Important IPv6 Policy Issue -- Your Input Requested

Simon Lyall simon at darkmere.gen.nz
Tue Nov 9 20:55:39 UTC 2004


On Wed, 10 Nov 2004, Jerry Eyers wrote:
> I have devices that have no need, never will have a need, to ever
> talk outside of the internal networks, nor do I want some
> brain dead user to drop some stupid little device on the network
> and tada, route access to some of my inside network simply because
> the addresses are valid.  I want my inside addresses to be
> non accessible from the 'real world', ever.  If IPv6 can't offer me
> the luxury (even if it is not valid or justified) then I see no reason
> to change from IPv4 to IPv6 in the core.  Just do it on the
> periphery.  It is VERY expensive to a corporation to accomplish
> a renumber, and if there is no benefit, then.....

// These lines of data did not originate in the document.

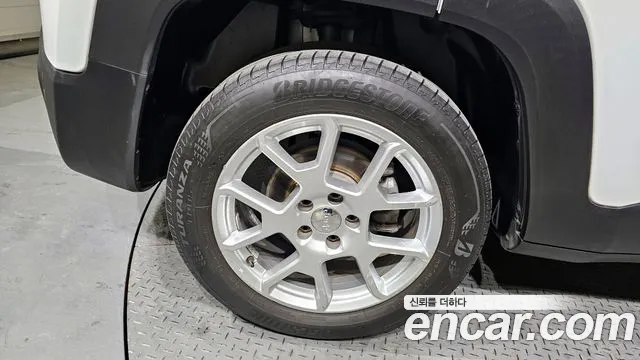 Jeep Renegade id 2410189 из Кореи 15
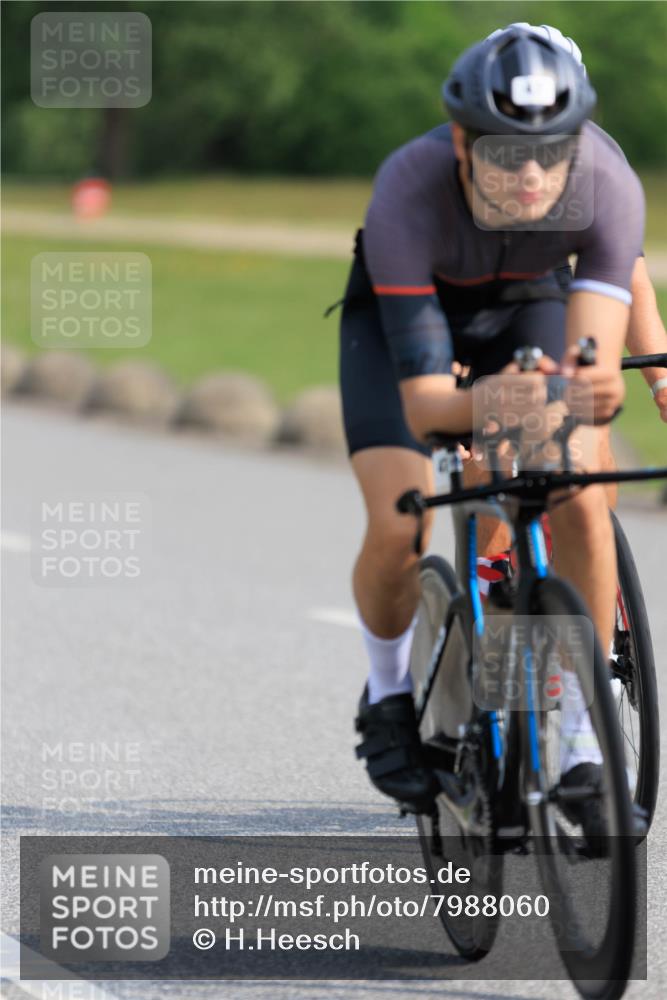 15.06.2025 - 27. Vierlanden-Triathlon H.Heesch http://msf.ph/oto/7988060 15.06.2025 09:19:58 Radfahren 3, 26, 47, 67, 100, 187 meine-sportfotos.de
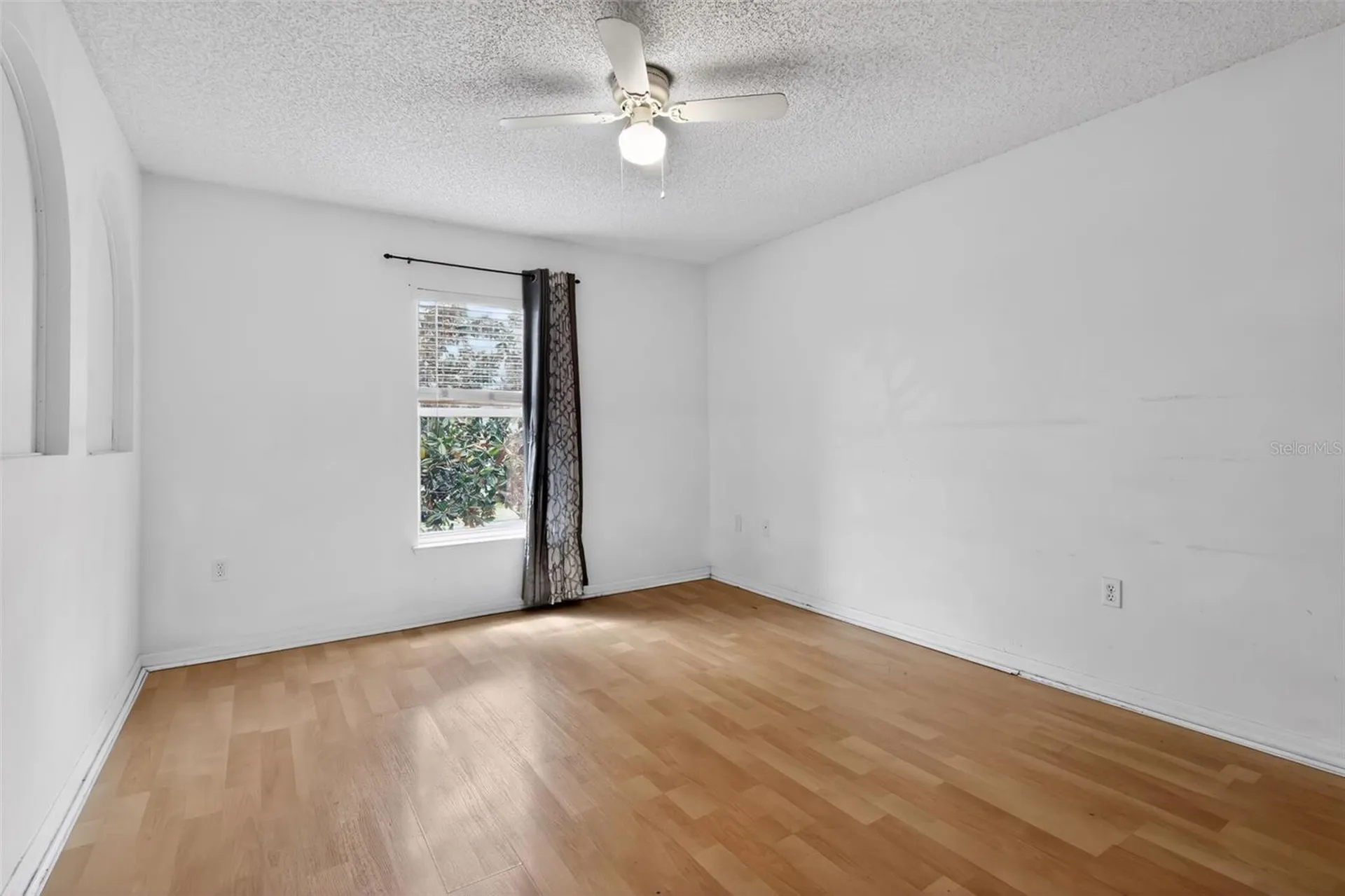 307 Pleasant Gardens Drive Apopka FL 32703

Depending on putting devices on 1918 for security is dangerious. All it
takes is one little misconfigured router (or less than strict filters) and
any of your peer's customers can start talking to your backend database
servers.

Assuming that just because they are 1918 address they are not remotely
visable is a dangerous simplification.

eg I just hopped though 3 providers (using default routes) to ping a well
known [1] 192.168.x.x address.

[1] - In NZ.

-- 
Simon J. Lyall.  |   Very  Busy   |   Mail: simon at darkmere.gen.nz
"To stay awake all night adds a day to your life" - Stilgar | eMT.